Start of SUPPLIED INFORMATION

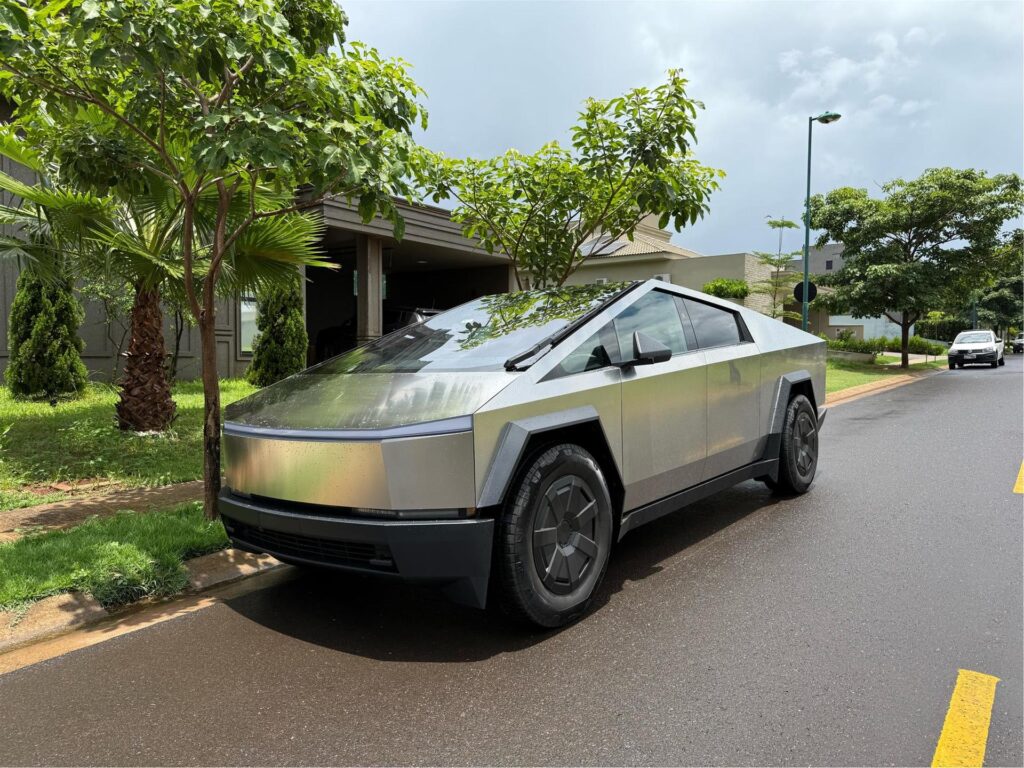 Tesla descontinua versão de entrada da Cybertruck devido a baixa demanda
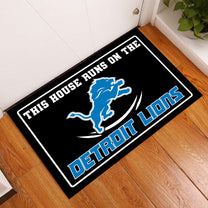 This House Runs On Doormat - Anti Slip Indoor Doormat - DTLO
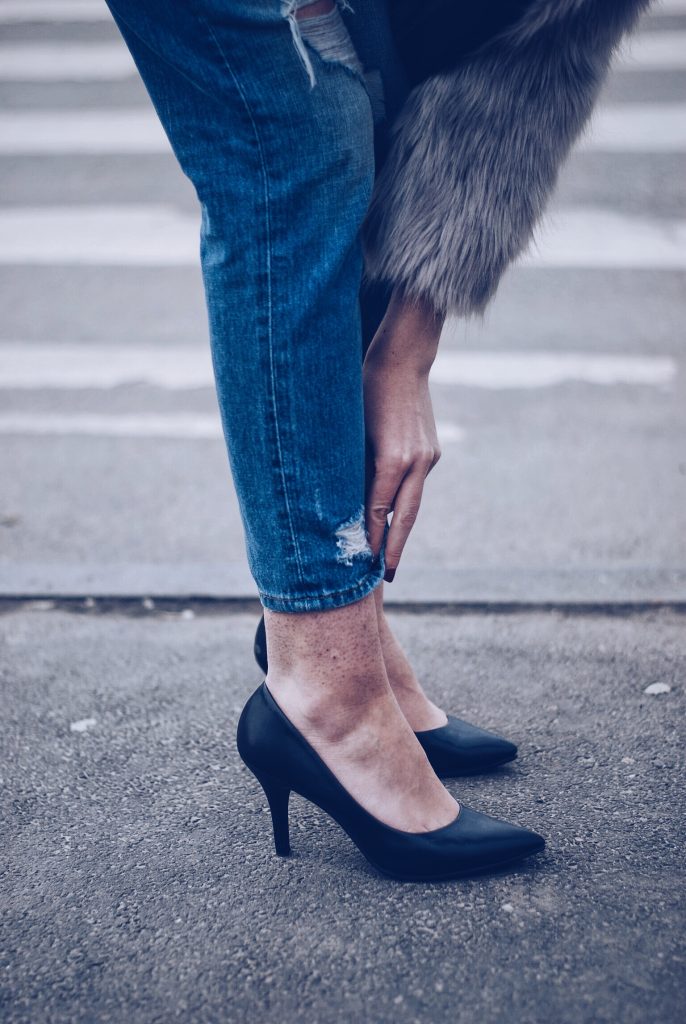 Black pumps, distrssed jeans by Andreea Birsan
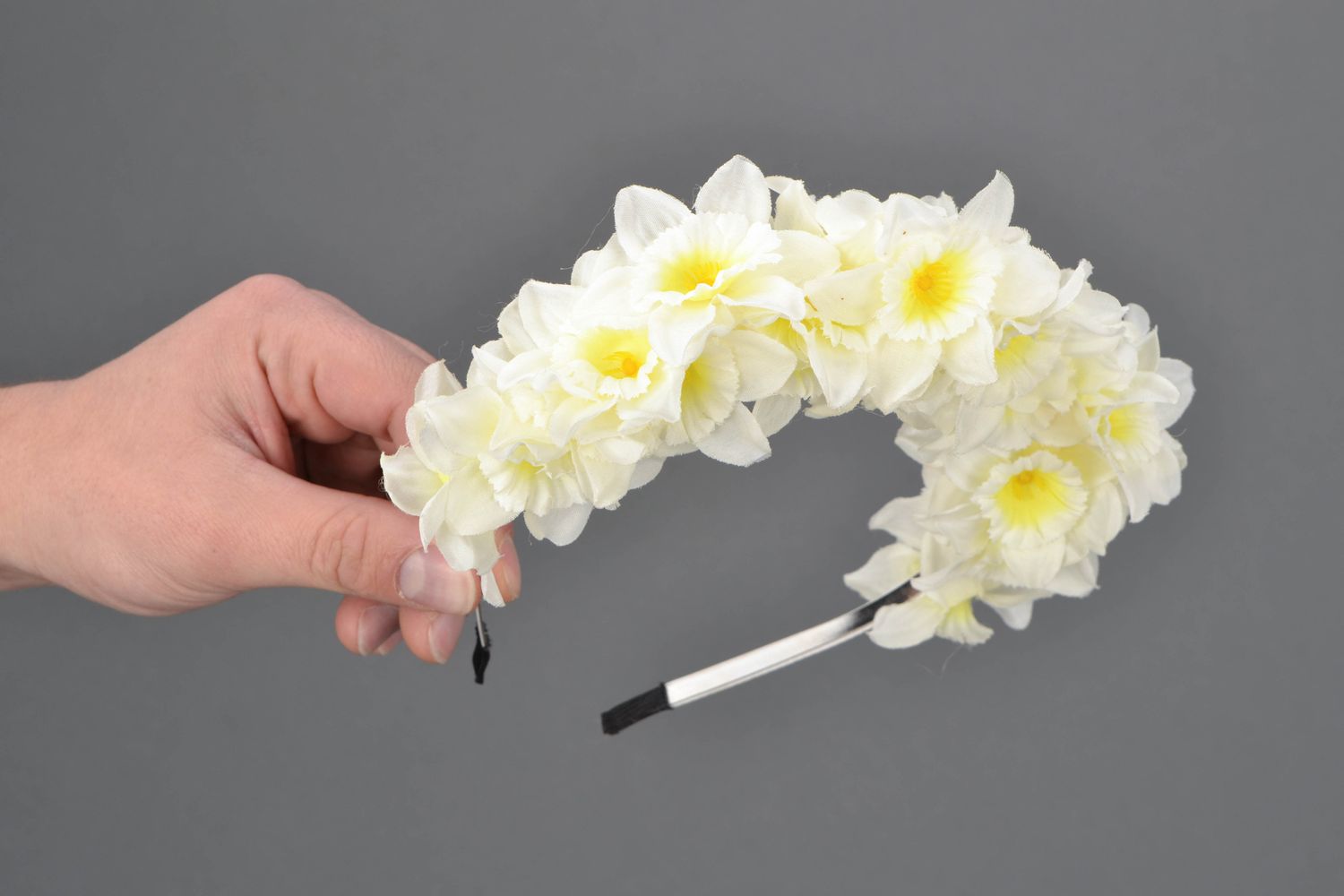 Cerceau cheveux aux fleurs blanches Narcisses photo 2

End of SUPPLIED INFORMATION

## [PROBLEM DESCRIPTION]
Please copy, exactly and only, the lines of the listing that run from the one holding "This House Runs" through its last line, and exclude pictures.

## [RESPONSE]
 This House Runs On Doormat - Anti Slip Indoor Doormat - DTLO
 Black pumps, distrssed jeans by Andreea Birsan
 Cerceau cheveux aux fleurs blanches Narcisses photo 2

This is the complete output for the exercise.